In July 2005, Brunson made an unsolicited offer to buy WPT Enterprises, Inc., the publicly traded owner of the World Poker Tour, at a high premium over its market value. His widely-publicized offer triggered a sharp rise in WPT's stock price on record trading volume. In December 2005, the SEC (Securities and Exchange Commission) formally investigated whether Brunson's offer, and its publication, violated federal securities laws, including the anti-fraud provisions of the Securities Exchange Act of 1934. As part of its investigation, the SEC subpoenaed documents and testimony from Brunson's lawyers. Brunson invoked his Fifth Amendment right against self-incrimination and declined to testify in the investigation. The WPT stock price declined sharply, costing investors tens of millions of dollars in lost market value. The offer eventually expired.
Brunson also endorsed the online poker room "Doyle's Room", a medium traffic site that was shut down with a lot of other poker sites on Black Friday in 2011.
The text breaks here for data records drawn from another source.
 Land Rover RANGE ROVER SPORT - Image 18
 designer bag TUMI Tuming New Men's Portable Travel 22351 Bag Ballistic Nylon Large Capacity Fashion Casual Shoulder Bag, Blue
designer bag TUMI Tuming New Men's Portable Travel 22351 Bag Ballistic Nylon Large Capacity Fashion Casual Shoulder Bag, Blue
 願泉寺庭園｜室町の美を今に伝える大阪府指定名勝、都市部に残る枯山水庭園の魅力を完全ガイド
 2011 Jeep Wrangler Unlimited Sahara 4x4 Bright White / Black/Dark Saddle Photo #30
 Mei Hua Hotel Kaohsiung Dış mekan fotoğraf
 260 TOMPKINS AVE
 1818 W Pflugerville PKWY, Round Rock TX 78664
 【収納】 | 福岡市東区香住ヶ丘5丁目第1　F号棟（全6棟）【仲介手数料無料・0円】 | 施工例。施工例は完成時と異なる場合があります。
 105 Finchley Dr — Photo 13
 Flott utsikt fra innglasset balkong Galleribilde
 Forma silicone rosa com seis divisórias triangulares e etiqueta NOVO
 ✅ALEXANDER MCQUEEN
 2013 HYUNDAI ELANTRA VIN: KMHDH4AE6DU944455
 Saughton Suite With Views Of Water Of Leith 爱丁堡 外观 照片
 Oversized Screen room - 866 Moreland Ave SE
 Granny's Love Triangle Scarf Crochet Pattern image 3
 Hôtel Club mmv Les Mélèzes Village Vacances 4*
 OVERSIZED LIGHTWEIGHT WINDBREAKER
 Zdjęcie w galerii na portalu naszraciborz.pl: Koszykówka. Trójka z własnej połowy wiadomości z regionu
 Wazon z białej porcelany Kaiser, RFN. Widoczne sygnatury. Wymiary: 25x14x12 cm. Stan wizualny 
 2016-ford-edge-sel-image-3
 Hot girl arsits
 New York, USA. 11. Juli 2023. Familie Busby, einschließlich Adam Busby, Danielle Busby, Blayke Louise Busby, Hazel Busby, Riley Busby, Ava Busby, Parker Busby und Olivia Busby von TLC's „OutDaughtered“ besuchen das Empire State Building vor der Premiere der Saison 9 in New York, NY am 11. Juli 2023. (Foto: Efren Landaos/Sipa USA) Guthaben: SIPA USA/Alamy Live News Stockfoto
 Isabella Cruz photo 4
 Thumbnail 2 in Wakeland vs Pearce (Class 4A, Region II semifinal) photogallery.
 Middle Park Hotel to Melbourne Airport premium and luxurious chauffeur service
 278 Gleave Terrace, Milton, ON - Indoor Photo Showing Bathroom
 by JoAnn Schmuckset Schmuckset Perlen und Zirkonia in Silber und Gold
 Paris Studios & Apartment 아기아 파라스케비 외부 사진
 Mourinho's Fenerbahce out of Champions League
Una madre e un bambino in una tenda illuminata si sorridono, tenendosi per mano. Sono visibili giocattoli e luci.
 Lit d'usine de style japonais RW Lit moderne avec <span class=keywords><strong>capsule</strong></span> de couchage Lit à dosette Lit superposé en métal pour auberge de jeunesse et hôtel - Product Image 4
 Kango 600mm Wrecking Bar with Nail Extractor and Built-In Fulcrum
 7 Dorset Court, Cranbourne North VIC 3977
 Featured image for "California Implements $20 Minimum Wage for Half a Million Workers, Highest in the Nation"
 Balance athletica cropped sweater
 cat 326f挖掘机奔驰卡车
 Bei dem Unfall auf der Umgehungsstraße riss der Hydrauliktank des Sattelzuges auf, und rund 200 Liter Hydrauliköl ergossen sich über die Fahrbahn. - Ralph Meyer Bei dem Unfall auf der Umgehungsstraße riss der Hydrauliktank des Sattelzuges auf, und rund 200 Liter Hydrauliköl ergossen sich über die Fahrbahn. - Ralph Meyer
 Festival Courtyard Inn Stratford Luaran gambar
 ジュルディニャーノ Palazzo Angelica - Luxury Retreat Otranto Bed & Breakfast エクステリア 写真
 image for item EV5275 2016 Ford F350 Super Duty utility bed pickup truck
In the 1980s, Brunson became known for the huge amounts of money that he wagered on the golf course, up to $400,000. "The guys out on the pro golf tour don't compete for the amount of money we bet on a single round", Brunson once said. People have joked that Brunson made more money at golf than any other person before Tiger Woods came along, and that he once bet one million dollars on a single hole. He also bets large sums of money on sports, and was rumored to have been the largest sports bettor in the world at one point.
In the early 1960s, Brunson married his sweetheart, Louise. Together, they had four children. Doyle's son, Todd Bruson, also plays poker professionally. Todd has won a bracelet at the 2005 WSOP, making the Brunson's the first father-son combination to win WSOP bracelets. His daughter Pamela played in the 2007 and 2009 WSOP main events, outlasting both Doyle and Todd both times.
Brunson's nickname, "Texas Dolly," was a result of a mistake by Jimmy Snyder. Snyder was supposed to announce Brunson as "Texas Doyle," but incorrectly pronounced the first name as Dolly. The nickname stuck and many of Brunson's professional friends now refer to Brunson as "Dolly."
Even though most of his dangerous days were in his past, he was robbed during the World Series of Poker. He went home after a tournament and drove into his driveway; two guys wearing ski masks and carrying guns dragged him inside. The robbers left after he was able to call his security company but he never felt comfortable at the house afterward, so they moved to a new home with better security.